The Ups and Downs of a Soldier's Life — Reflections on Summer — An Expedition "Outside the Lines" — Miscellaneous

Near Memphis, Tenn., June 2nd, 1863.


At length I have left the dusty confines of the Corinthian fortifications, and am now campaigning in sight of the follies and dissipation of the Memphians. One day's journey nearer our base, as much nearer home; and again in the midst of civilization. When I last wrote, our boys had been indulging in the fond, and, at the time, not unreasonable hope that they would have been permitted to sojourn at Corinth; for the summer at least. Not that they were unwilling to share the toil of march, and the perils of battle with their brethren in the field, for they had had their share of those natural consequences of campaigning. But they felt that they needed rest; needed the relaxation which other troops in our immediate vicinity have been enjoying for the past year. Therefore, when a short time since they received orders to move, you may be assured they were somewhat chagrined. Firstly, because they would thereby be obliged to leave the comfortable quarters which they had erected themselves, and secondly, because all their fond anticipations were thus suddenly destroyed:

"The hopes they had cherished would never come more
Their dreams had all perished, their happiness was o'er."

However, twelve hours after receiving marching orders, we had left Corinth behind us, and were whirling over the Memphis & Charleston R.R. en route for this city. On the morning of the 11th ult. we arrived here and in a short time were encamped on the suburbs of the city, within sight of the church spires, and hearing of the buzz and din of this now commercial metropolis. But it appears that there is no rest for the wicked. For again we are under marching orders. So this is as likely to be my farewell, as introductory letter from this place. Where we will go, or if we will go at all, yet remains to be seen.

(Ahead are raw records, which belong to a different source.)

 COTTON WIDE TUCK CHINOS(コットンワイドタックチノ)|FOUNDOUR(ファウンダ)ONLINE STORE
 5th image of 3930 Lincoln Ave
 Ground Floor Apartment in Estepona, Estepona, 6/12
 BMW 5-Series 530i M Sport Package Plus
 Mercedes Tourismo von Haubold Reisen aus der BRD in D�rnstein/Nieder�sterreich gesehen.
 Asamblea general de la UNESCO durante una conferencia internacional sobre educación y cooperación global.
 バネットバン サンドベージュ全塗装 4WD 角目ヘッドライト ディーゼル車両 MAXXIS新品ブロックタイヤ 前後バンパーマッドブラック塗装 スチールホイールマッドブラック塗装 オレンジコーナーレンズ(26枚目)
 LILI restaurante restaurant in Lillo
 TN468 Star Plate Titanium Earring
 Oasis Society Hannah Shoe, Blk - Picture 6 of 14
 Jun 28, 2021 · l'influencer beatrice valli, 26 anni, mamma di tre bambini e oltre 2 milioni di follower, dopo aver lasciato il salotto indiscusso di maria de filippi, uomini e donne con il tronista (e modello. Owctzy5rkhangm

We have made an excellent and comfortable set of quarters for officers and men, fortified our camp strongly, brought up and planted artillery behind formidable breastworks, made passable roads, and supposing from the vital importance of this place to our army in Mississippi that a force must be stationed here constantly to guard the railroads, &c., we not unreasonably concluded that those who did the labor, ought to enjoy the fruits of it. This was the consideration drawn from reason, but there was another drawn from astrology, which I fear will prove the correct one. We have never been in a place yet which we did not have to leave a short time after preparing for a stay. If we were content to live in tents like the greater portion of the army, we were safe from a move, but as soon as we began erecting barracks, or digging wells, &c., just so soon could we confidently look for marching orders. We have therefore vague apprehensions that the finishing of the police of our present camp, will be the limit of our stay.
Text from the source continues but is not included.